» **WHAT YOU SHOULD DO**: Give the data again word for word; drop the pictures.

Image-caption web data:
BEGIN
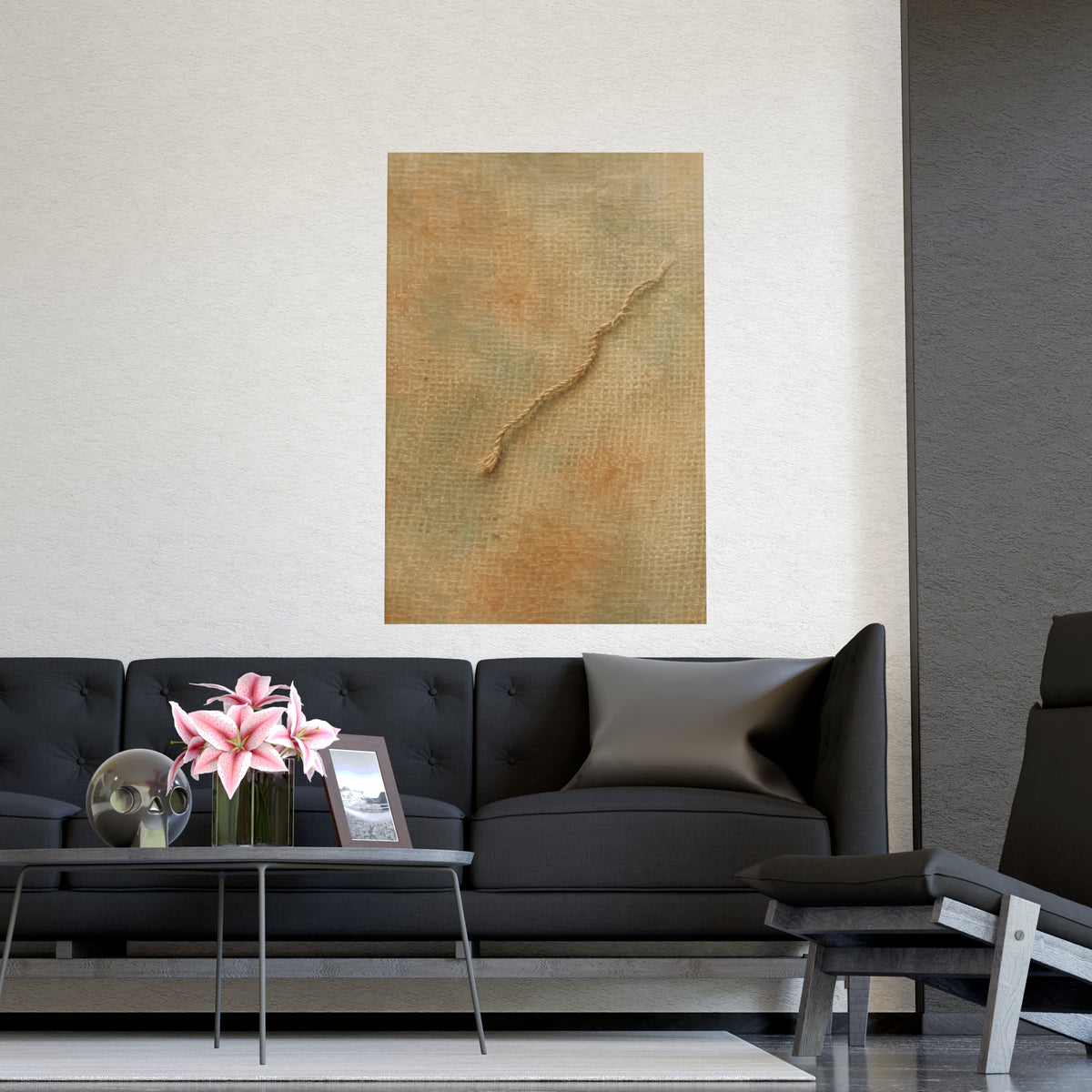 One Loose Thread — one loose thread, shown framed on a wall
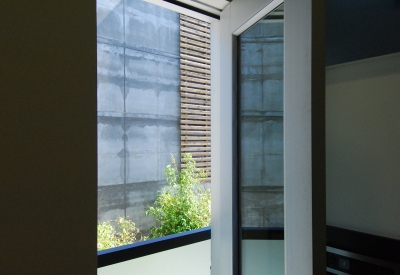 Balcony inside a unit at Blue Star Corner in Emeryville, Ca.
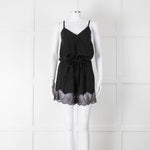 Zadig & Voltaire Black Lace Trim Silk Playsuit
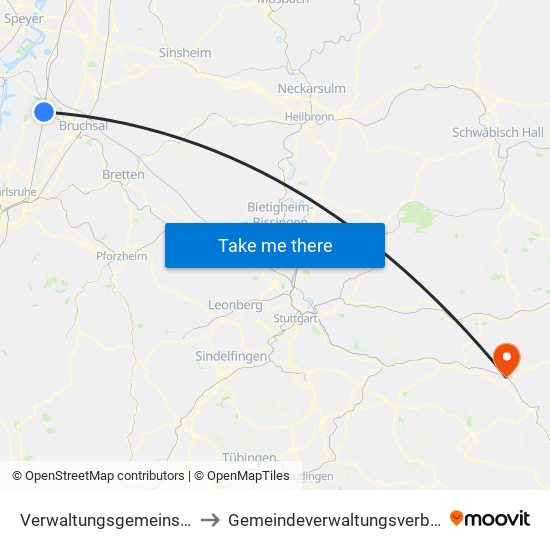 Verwaltungsgemeinschaft Graben-Neudorf to Gemeindeverwaltungsverband Mittleres Fils-Lautertal map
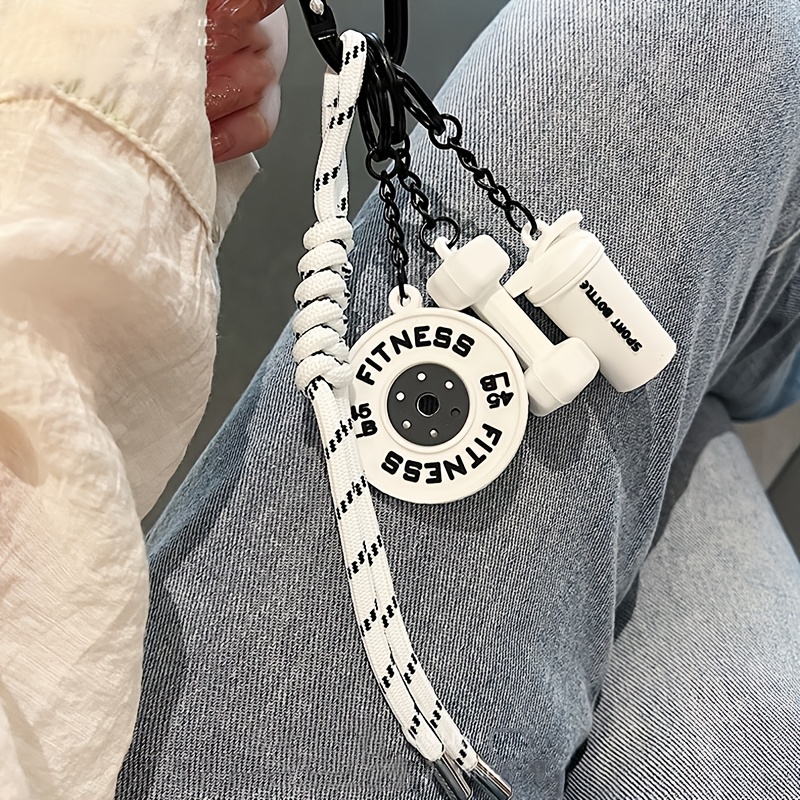 TEMU Llavero de Gimnasio a con Cuerda, Nuevo Colgante de Moda para Bolsos, Pesas y Kettlebells, Adorno para Bolsos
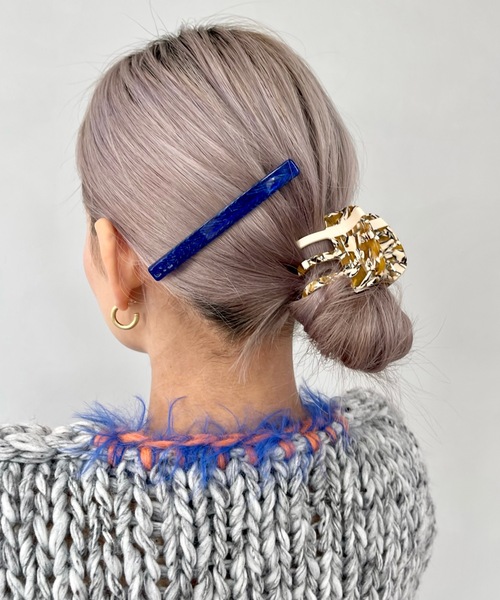 SANSeLF（サンセルフ）の「Se long hair clip【SANSeLF】sana23a005（バレッタ/ヘアクリップ・レディース・ブルー/パープル/オレンジ/ブラウン/ベージュ・FREE）」の4枚目の写真
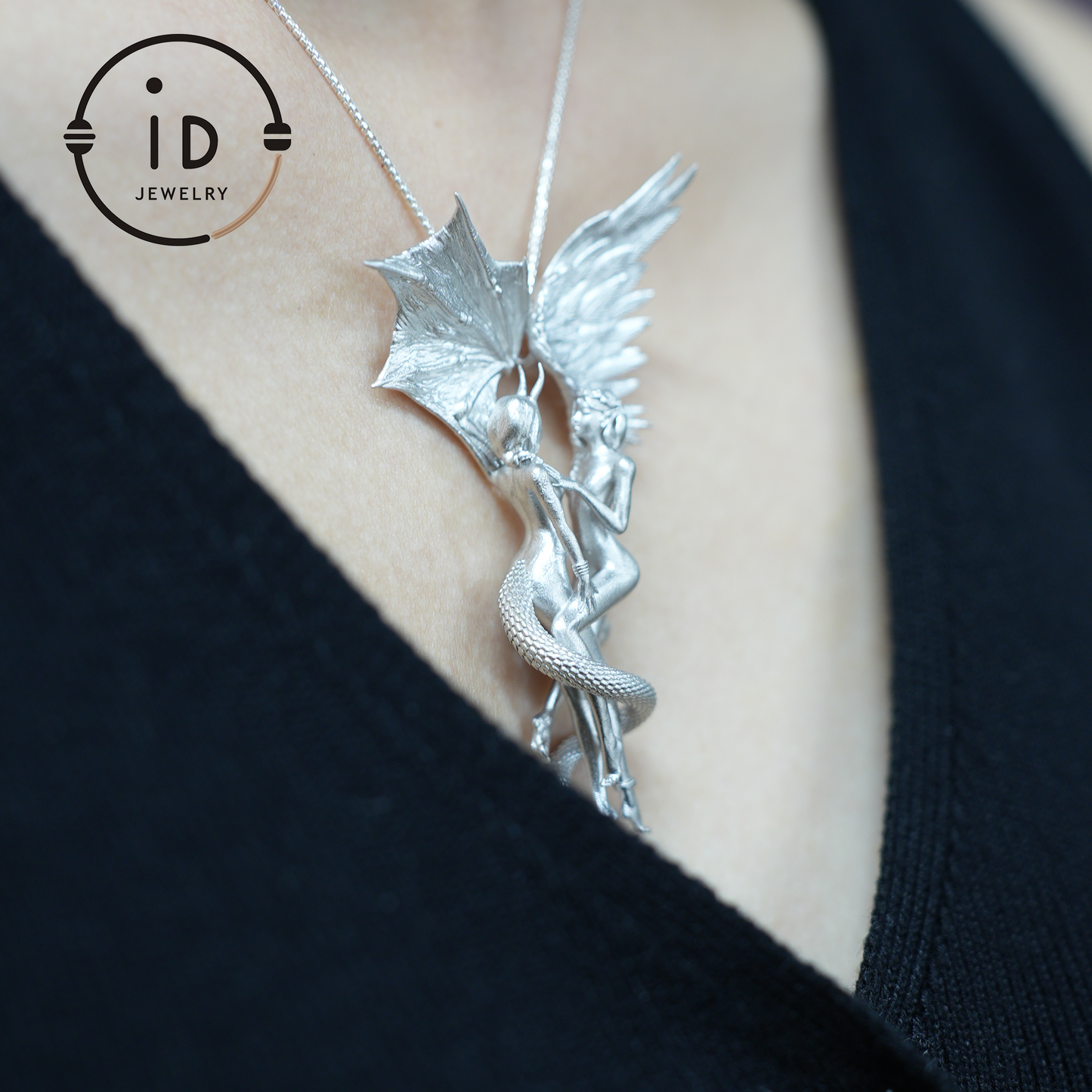 925 Sterling Silver Gemini Pendant – Zodiac Jewelry with Angel Wings and Snake Design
END
» **RESPONSE AREA**:
 One Loose Thread — one loose thread, shown framed on a wall
 Balcony inside a unit at Blue Star Corner in Emeryville, Ca.
 Zadig & Voltaire Black Lace Trim Silk Playsuit
 Verwaltungsgemeinschaft Graben-Neudorf to Gemeindeverwaltungsverband Mittleres Fils-Lautertal map
 TEMU Llavero de Gimnasio a con Cuerda, Nuevo Colgante de Moda para Bolsos, Pesas y Kettlebells, Adorno para Bolsos
 SANSeLF（サンセルフ）の「Se long hair clip【SANSeLF】sana23a005（バレッタ/ヘアクリップ・レディース・ブルー/パープル/オレンジ/ブラウン/ベージュ・FREE）」の4枚目の写真
 925 Sterling Silver Gemini Pendant – Zodiac Jewelry with Angel Wings and Snake Design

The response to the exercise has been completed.